Koenkk / zigbee2mqtt

Zigbee 🐝 to MQTT bridge 🌉, get rid of your proprietary Zigbee bridges 🔨
https://www.zigbee2mqtt.io
GNU General Public License v3.0
12.21k stars 1.68k forks source link

Firmware 20240710 repair Devices every day #23869

Open Barneybaer84 opened 2 months ago

Barneybaer84 commented 2 months ago

What happened?

Since the firmware Update to my Sonsoff zigbee 3.0-P , I have devices that are offline every day and need to be re-paired. This is frustrating

What did you expect to happen?

No response

How to reproduce it (minimal and precise)

No response

Zigbee2MQTT version

1.40.0

Adapter firmware version

20240710

Adapter

SONOFF ZigBee 3.0 USB Dongle Plus

Setup

X86 Home Assistant

Debug log

No response

raaaf commented 2 months ago

Same here.

rursache commented 2 months ago

same issue here, i downgraded the adapter to 20221226 but it still crashed. so i also downgraded zigbee2mqtt to 1.39.1 and i plan to go as low as 1.38.0

my zigbee network was flawless for 2 years until these 2-3 days when both zigbee2mqtt and adapter fw got updated

we are not alone https://github.com/Koenkk/Z-Stack-firmware/issues/518

Koenkk commented 2 months ago

Could you provide the debug log from starting z2m until the device drops?

jymorel commented 2 months ago

Same issue here after firmware and z2m updates. Especially sonoff temp and humidity sensor (snzb-02), but not only. Re-pairing is not enough. Need to delete the device and re-pair again

Barneybaer84 commented 2 months ago

I have update the firmware at 05.09. but my next log ist at 06.09. In the log you can ignore Alarm Sirene, Alarm Sirene defekt and Nachttisch Schatz.
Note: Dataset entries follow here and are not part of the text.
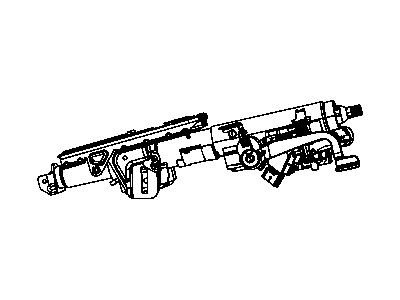 Jeep Wrangler Steering Column - 55351277AE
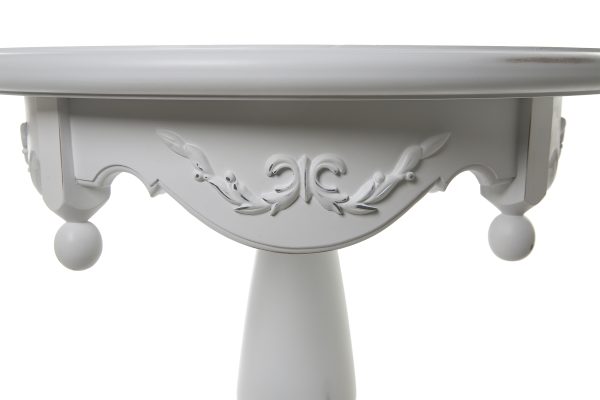 Столик кофейный круглый с обечайкой белого цвета — изображение 2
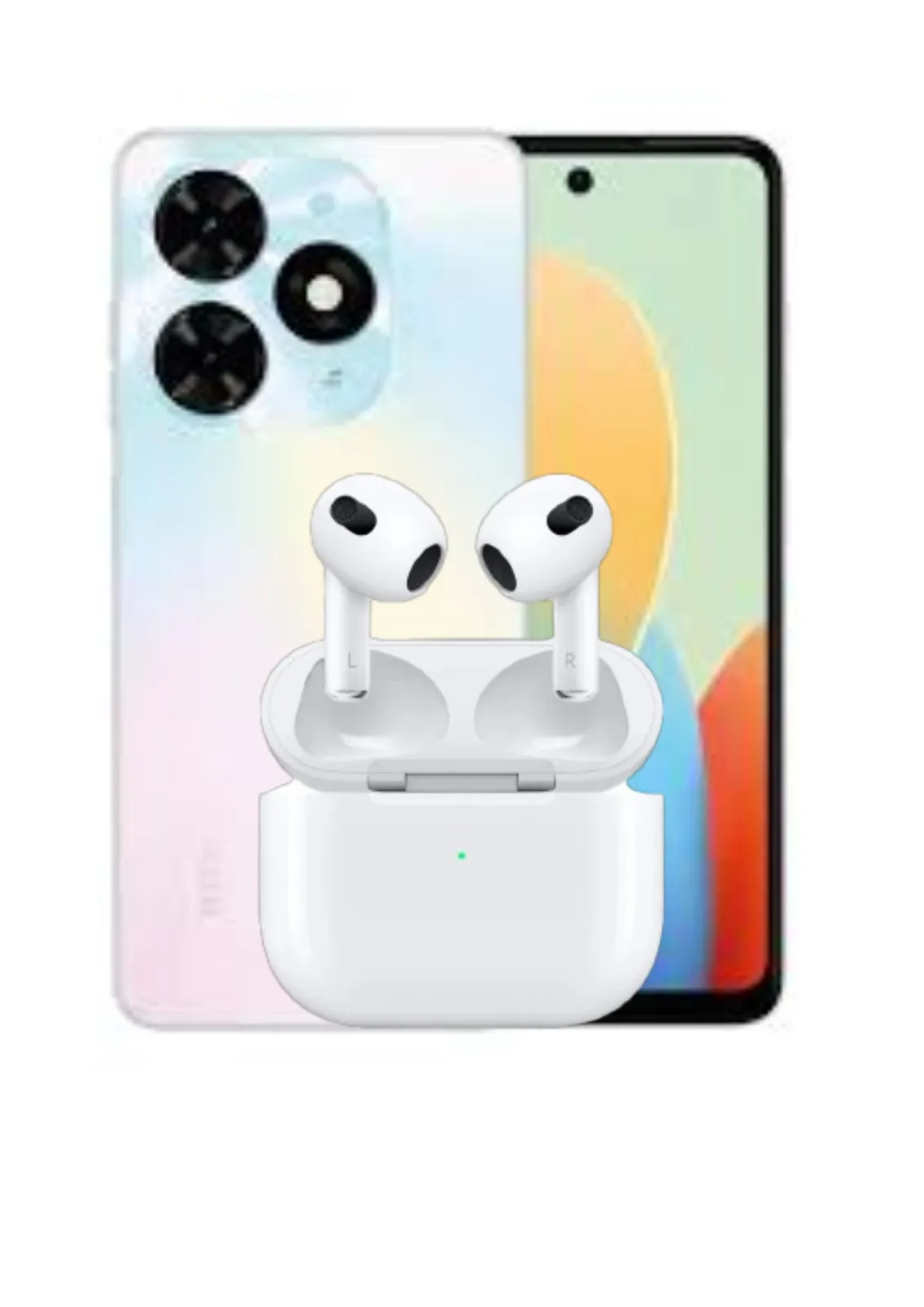 Celular Tecno Spark 20c 256 Gb 8 Ram Blanco + AirPods Obsequio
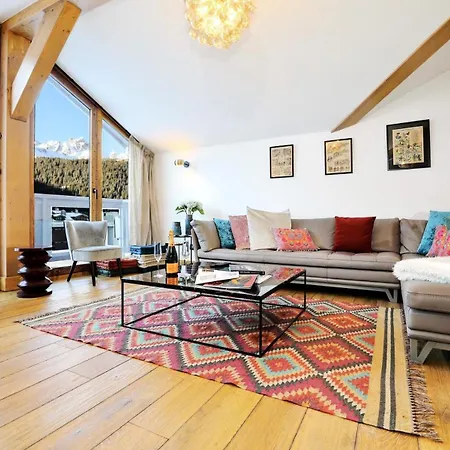L'ourse Bleue - Superbe Penthouse Au Coeur De Moriond Mae-3824 Apartman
All other devices are always online. 06.09.24_log.zip The most devices where goes offline are Aqara Sensors, like "Kinderzimmer Temperatur" or "Felix Zimmer Fenster Rechts" or "SZ Fenster Links"

rursache commented 2 months ago

@Koenkk: Could you provide the debug log from starting z2m until the device drops?
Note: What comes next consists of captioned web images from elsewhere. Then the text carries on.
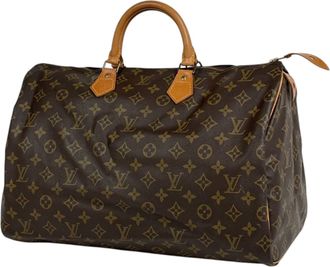 Louis Vuitton Monogram Brown Monogram Boston Bag (Pre-Owned)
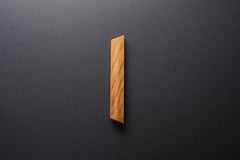 Wooden drawer oak handle 006 in vertical position with detailed frontal view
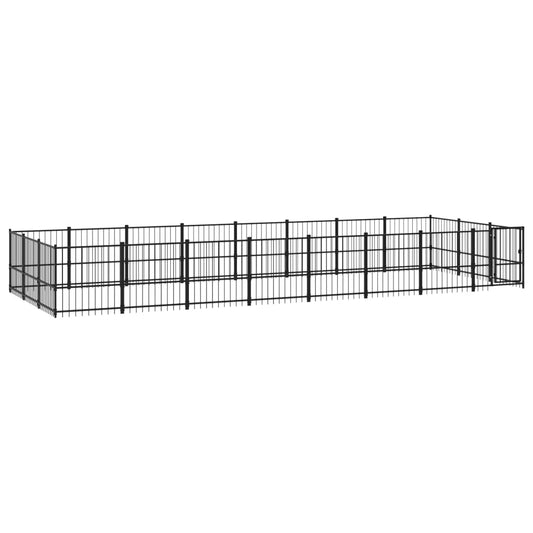 Outdoor dog cage steel 22.58 m²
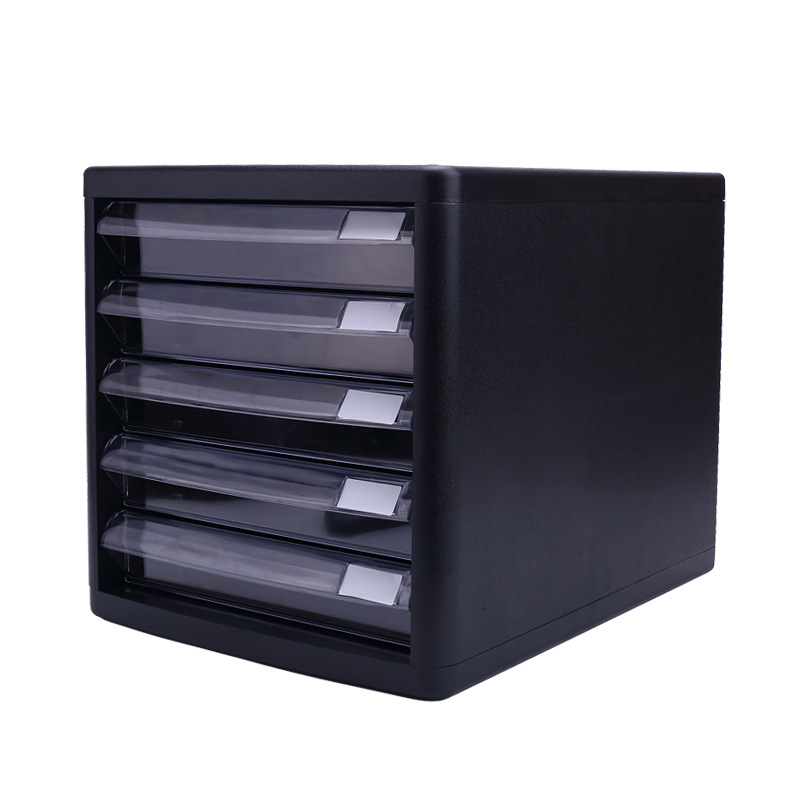 Kedeyou 5-capa transparente cajón de almacenamiento de escritorio tire del Gabinete de archivo gabinete de archivo de almacenamiento de escritorio image 7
here are my logs: zigbee2mqtt_logs.txt

the issue happened at exactly 2024-09-08T13:50:08.712364154Z and i think the relevant part is this:

2024-09-08T13:50:08.712364154Z [2024-09-08 16:50:08] debug:     zh:controller:endpoint: Error: ZCL command 0x00124b00259aa8d0/8 genBasic.read(["zclVersion"], {"timeout":10000,"disableResponse":false,"disableRecovery":true,"disableDefaultResponse":true,"direction":0,"reservedBits":0,"writeUndiv":false}) failed (SRSP - AF - dataRequest after 6000ms)
2024-09-08T13:50:08.712384320Z     at Object.start (/app/node_modules/zigbee-herdsman/src/utils/waitress.ts:59:23)
2024-09-08T13:50:08.712387080Z     at /app/node_modules/zigbee-herdsman/src/adapter/z-stack/znp/znp.ts:300:45
2024-09-08T13:50:08.712389245Z     at Queue.execute (/app/node_modules/zigbee-herdsman/src/utils/queue.ts:36:26)
2024-09-08T13:50:08.712391411Z     at Znp.request (/app/node_modules/zigbee-herdsman/src/adapter/z-stack/znp/znp.ts:291:27)
2024-09-08T13:50:08.712393557Z     at ZStackAdapter.dataRequest (/app/node_modules/zigbee-herdsman/src/adapter/z-stack/adapter/zStackAdapter.ts:1201:24)
2024-09-08T13:50:08.712395752Z     at ZStackAdapter.sendZclFrameToEndpointInternal (/app/node_modules/zigbee-herdsman/src/adapter/z-stack/adapter/zStackAdapter.ts:446:46)
2024-09-08T13:50:08.712398067Z     at /app/node_modules/zigbee-herdsman/src/adapter/z-stack/adapter/zStackAdapter.ts:380:25
2024-09-08T13:50:08.712400231Z     at Queue.execute (/app/node_modules/zigbee-herdsman/src/utils/queue.ts:36:26)
2024-09-08T13:50:08.712402356Z     at ZStackAdapter.sendZclFrameToEndpoint (/app/node_modules/zigbee-herdsman/src/adapter/z-stack/adapter/zStackAdapter.ts:378:27)
2024-09-08T13:50:08.712404589Z     at Request.func (/app/node_modules/zigbee-herdsman/src/controller/model/endpoint.ts:296:36)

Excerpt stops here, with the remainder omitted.